In this wide-ranging and probing book Erin Manning extends her previous inquiries into the politics of movement to the concept of the minor gesture. The minor gesture, although it may pass almost unperceived, transforms the field of relations. More than a chance variation, less than a volition, it requires rethinking common assumptions about human agency and political action. To embrace the minor gesture's power to fashion relations, its capacity to open new modes of experience and manners of expression, is to challenge the ways in which the neurotypical image of the human devalues alternative ways of being moved by and moving through the world—in particular what Manning terms "autistic perception." Drawing on Deleuze and Guattari's schizoanalysis and Whitehead's speculative pragmatism, Manning's far-reaching analyses range from fashion to depression to the writings of autistics, in each case affirming the neurodiversity of the minor and the alternative politics it gestures toward.
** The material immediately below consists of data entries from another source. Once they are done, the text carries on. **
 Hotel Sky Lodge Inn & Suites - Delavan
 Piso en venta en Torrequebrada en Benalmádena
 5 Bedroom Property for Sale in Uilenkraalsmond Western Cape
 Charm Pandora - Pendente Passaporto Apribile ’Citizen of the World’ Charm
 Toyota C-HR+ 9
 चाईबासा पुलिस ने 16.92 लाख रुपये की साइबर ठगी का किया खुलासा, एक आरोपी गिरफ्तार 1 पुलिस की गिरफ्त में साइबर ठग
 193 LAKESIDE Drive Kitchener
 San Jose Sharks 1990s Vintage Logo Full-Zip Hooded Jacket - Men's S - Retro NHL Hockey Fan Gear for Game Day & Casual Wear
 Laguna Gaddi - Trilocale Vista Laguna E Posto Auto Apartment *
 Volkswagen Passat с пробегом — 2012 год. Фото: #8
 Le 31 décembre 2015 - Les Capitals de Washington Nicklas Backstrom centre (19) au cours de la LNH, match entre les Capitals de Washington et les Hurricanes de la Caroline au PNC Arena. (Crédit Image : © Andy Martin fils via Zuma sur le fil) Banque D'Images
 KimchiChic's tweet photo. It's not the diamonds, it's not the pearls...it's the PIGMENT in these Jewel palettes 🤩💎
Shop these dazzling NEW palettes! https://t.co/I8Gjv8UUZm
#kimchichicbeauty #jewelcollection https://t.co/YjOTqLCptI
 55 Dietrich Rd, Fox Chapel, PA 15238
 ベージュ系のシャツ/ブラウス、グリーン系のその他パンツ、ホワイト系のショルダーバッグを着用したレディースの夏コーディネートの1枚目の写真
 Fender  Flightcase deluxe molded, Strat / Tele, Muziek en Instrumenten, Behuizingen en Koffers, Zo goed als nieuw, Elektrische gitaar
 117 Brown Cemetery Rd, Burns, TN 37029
Erin Manning holds a University Research Chair in the Faculty of Fine Arts at Concordia University (Montreal, Canada). She is also the director of the Sense Lab (www.senselab.ca), a laboratory that explores the intersections between art practice and philosophy through the matrix of the sensing body in movement. In her art practice she works between painting, dance, fabric and sculpture (http://www.erinmovement.com). Her current project entitled Folds to Infinity is an experimental fabric collection composed of cuts that connect in an infinity of ways, folding in to create clothing and out to create environmental architectures. The next phase of this project will explore the resonance between electromagnetic fields and movement through the activation of the existent magnets in Folds to Infinity. Her writing addresses the senses, philosophy and politics, articulating the relation between experience, thought and politics in a transdisciplinary framework moving between dance and new technology, the political and micropolitics of sensation, performance art, and the current convergence of cinema, animation and new media.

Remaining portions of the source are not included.